Jones feels that learning the the pairs of opposites are the first step towards a better method for recognizing the planetary relationships.  Once they are remembered, he bunches them into the traditional groups of four.

  • The Angles are the Cardinal points of the compass:  Aries on the East, Libra on the West, Cancer in the South and Capricorn pointing North.
  • In a similar correspondence follow the succedent houses, or the eighth, eleventh, second and fifth houses in that order, that are deemed the “fixed signs,” Taurus, Leo, Scorpio and Aquarius.
  • The last four are cadent cusps or the ninth, twelfth, third and sixth, that he refers to as the “common signs,” Gemini, Virgo, Sagittarius and Pisces.

The cosmic cross of the “t” pattern occurs when a square is found in the midst of an opposition.   It creates an overbalanced emphasis of life according to the quadrature in which it is found.

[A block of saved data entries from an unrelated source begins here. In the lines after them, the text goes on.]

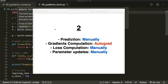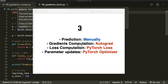Hi everybody, welcome back to a new PyTorch tutorial. In the last tutorial, we implemented logistic regression from scratch and learned how we can use PyTorch to calculate the gradients for us with backpropagation. Now we will continue where we left off, replacing the manually computed loss and parameter updates using the loss and optimizer classes in PyTorch. This video covers steps three and four, so please watch the previous tutorial first to see steps one and two.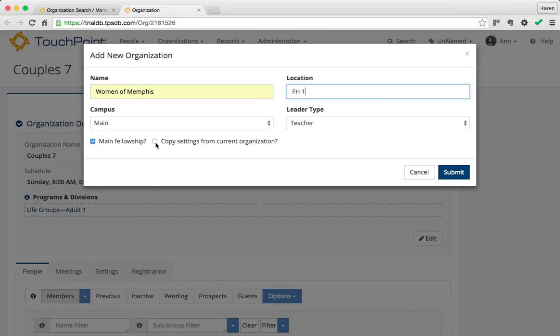I want to copy the settings from the current organization. It's going to automatically copy some of them, but if you want to copy all, you can select that and click Submit.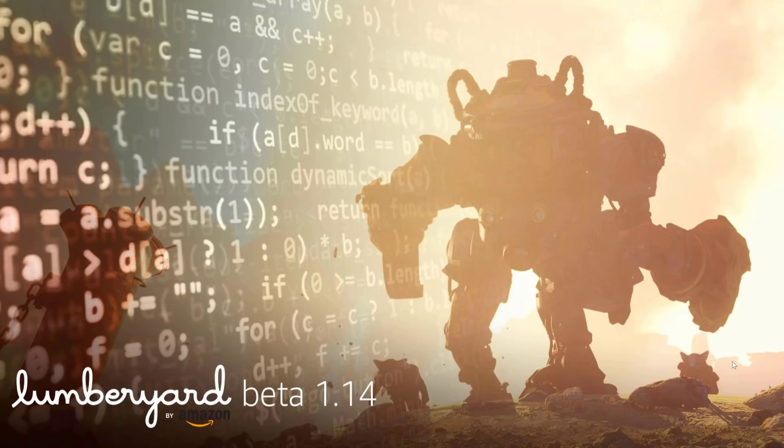Hello everybody, Mike here at Game From Scratch and Lumberyard Beta 1.14 was just released. Though not chock-full of features, it has some very significant ones that I decided it was worthwhile making a video about.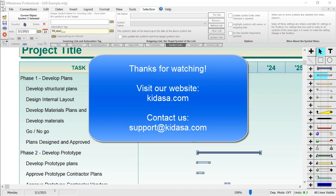I hope you've enjoyed this tutorial video about Milestones Professional. Be sure to visit our website at Kedasa.com and email support at Kedasa.com with any questions. Thanks for watching!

Quadratures are the basis of astrology handed down by Ptolemy himself, and Marc Jones, while he dismays at day and night lords, terms and faces, does not throw the baby out with the bath water; quaratures and modality are the basis upon which his teaching lie.

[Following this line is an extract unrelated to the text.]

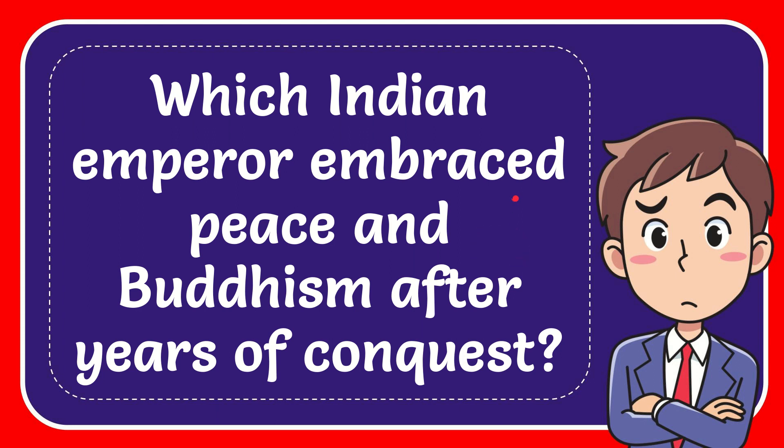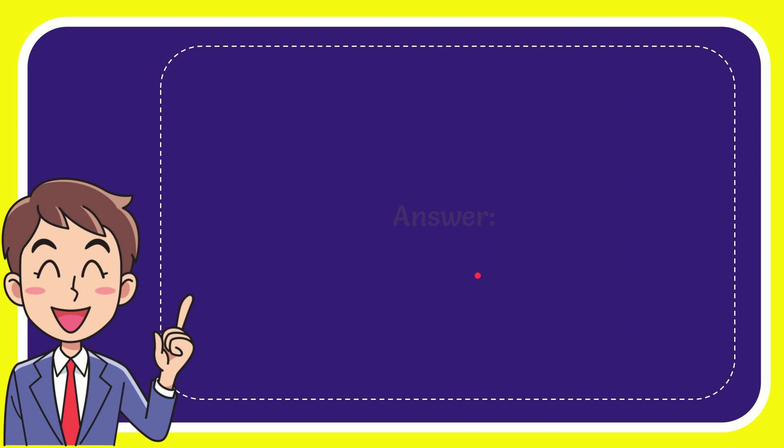In this video I'm going to give you the answer of this question. The question is: which Indian emperor embraced peace and Buddhism after years of conquest? When I give you the answer of this question, the correct answer for the question is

With that fresh in our minds, we turn to the T-Cross or what Marc Jones refers to as the Cosmic Cross an area of the chart where ” excess activity is directed toward the point of the “short leg, ” or the point focus, revealing the necessary “construction” for the opposing planets to get beyond their petty squabbles,  and focus on so that they may get to work and get something accomplished.


In Mrs. Besant’s case this square is Jupiter, that is less than 2° to her Mercury, or the mind, and also to Uranus, independence. Jones interprets this as her (Jupiter) enthusiasm is the foundation of her achievements.
While her moon, sun, Venus and Pluto are also in this cross configuration, that means that her Jupiterian enthusiasm bequeaths tremendous power in applying herself, and she uses Venus and Pluto for a laser-like focus

Theosophy was the focus the gave her the all-inclusive  attitude towards her life.  It ordered her perspective  and gave her a cynosure that was intune with her own beliefs. Jupiter was the organizing principle and through its prism she expounded Theosophy as the great encompassing belief that modern man could aspire.

Besant though went a step further and had a cardinal Grand Cross indicating a life fundamentally concerned with the critical or vital issues of human experience.
If the person is important enough, or makes his life important enough through will and fixity of purpose, this Cross links his career irrevocably  with the broad crises of a nation, a movement or even an age.

Annie Besant was such a person, who came to a position of leadership in Theosophy when it was torn by dissension and needed the capable hand of a great unifying force. == Marc Jones notes from How to Learn Astrology, adapted and revised.

adapted from Marc Jones’s How to Learn Astrology.